MyFinancier is a web application that lets the user do their own accounting in the simplest way possible. The user uploads their monthly earnings and spendings report in the form of a CSV file, and the application will do the rest: It shows where money was spent and earned, all in the form of tables and easily understandable graphs.
MyFinancier grew out of a team that loves to keep track of their finances. Keeping track of their monthly spendings and earnings was previously done with Excel, and they had even programmed themselves a desktop version of MyFinancier for personal use. Because the application had gotten old, they decided it was time to take it all to another level in both a visual and technical sense.
When it comes to other people’s finances, privacy and the knowledge that your data is safe are essential. This is why we needed to find the safest possible way to store user data without the risk of getting hacked.
Process
Creating such a tool includes both design and development resources. Our design process followed a tested-and-proven framework, starting from user journeys and wireframes, and then moving on to a visual interface.
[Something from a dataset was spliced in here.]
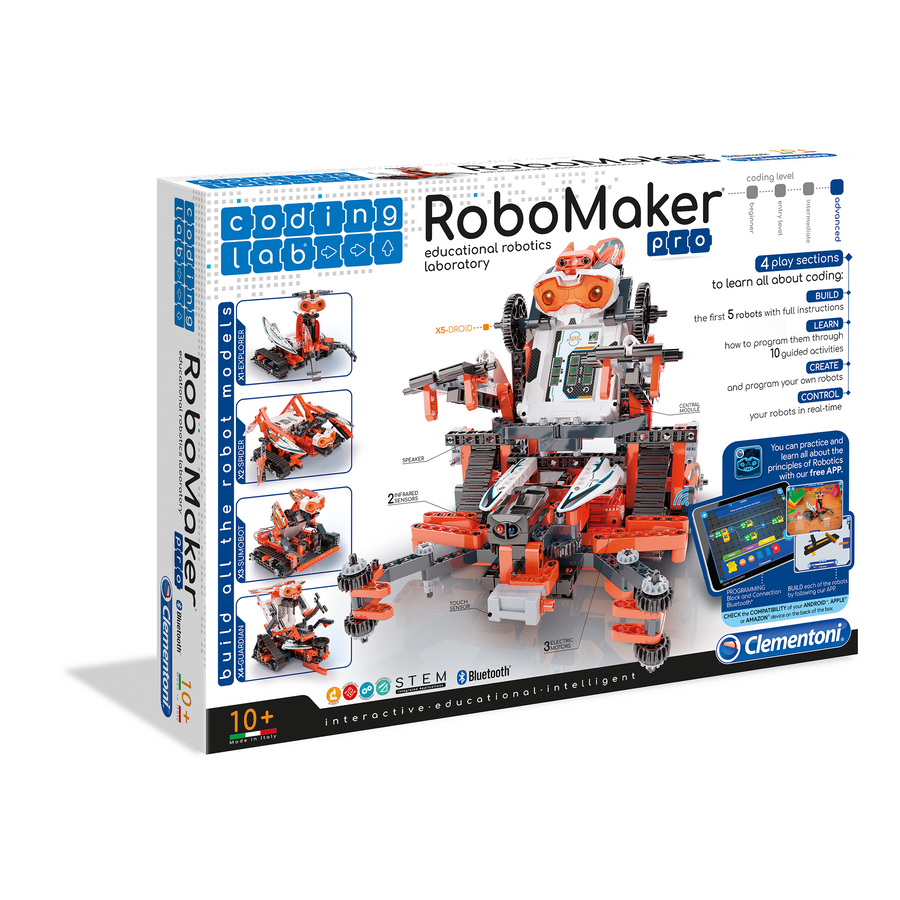 Robomaker Pro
When it comes to development, in order to avoid any information leaks into the database, all the encryption gets done on the front-end side of the browser, by the user’s computer. The technique we use is called Salted Challenge Response Authentication Mechanism (SCRAM for short).
SCRAM is a password-based mutual authentication protocol designed to make an eavesdropping attack (i.e., man-in-the-middle) more difficult. In this way, the client can prove to the server that they know a secret that is derived from the user’s password, and the server can prove to the client that it knows the password without sending the password from the database itself. We used AES-GCM to ensure that the encryption on all the users’ data would be rock-solid and that the chances of a hacker breaking in would be essentially zero.
Result
As a result, we made a beta version of a web application with an easy-to-use interface and cryptography technology to keep the data safe. The MyFinancier team has developed the product even further, and today, they already have about 1,000 active users.
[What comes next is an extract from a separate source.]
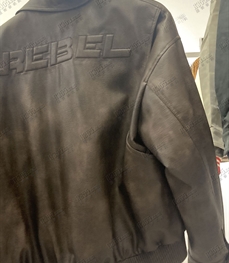 市场上装-皮衣-休闲皮衣【实拍】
NOPE and gotoAndPlay helped us create a strong foundation for our MyFinancier web application. It was very pleasant to work with a team that was always ready to work together with us to create solutions that are somewhat outside of the traditional boundaries. We can definitely recommend NOPE and gotoAndPlay to others because they are trustworthy and excellent at what they do. They do their work with passion and this is reflected in the results.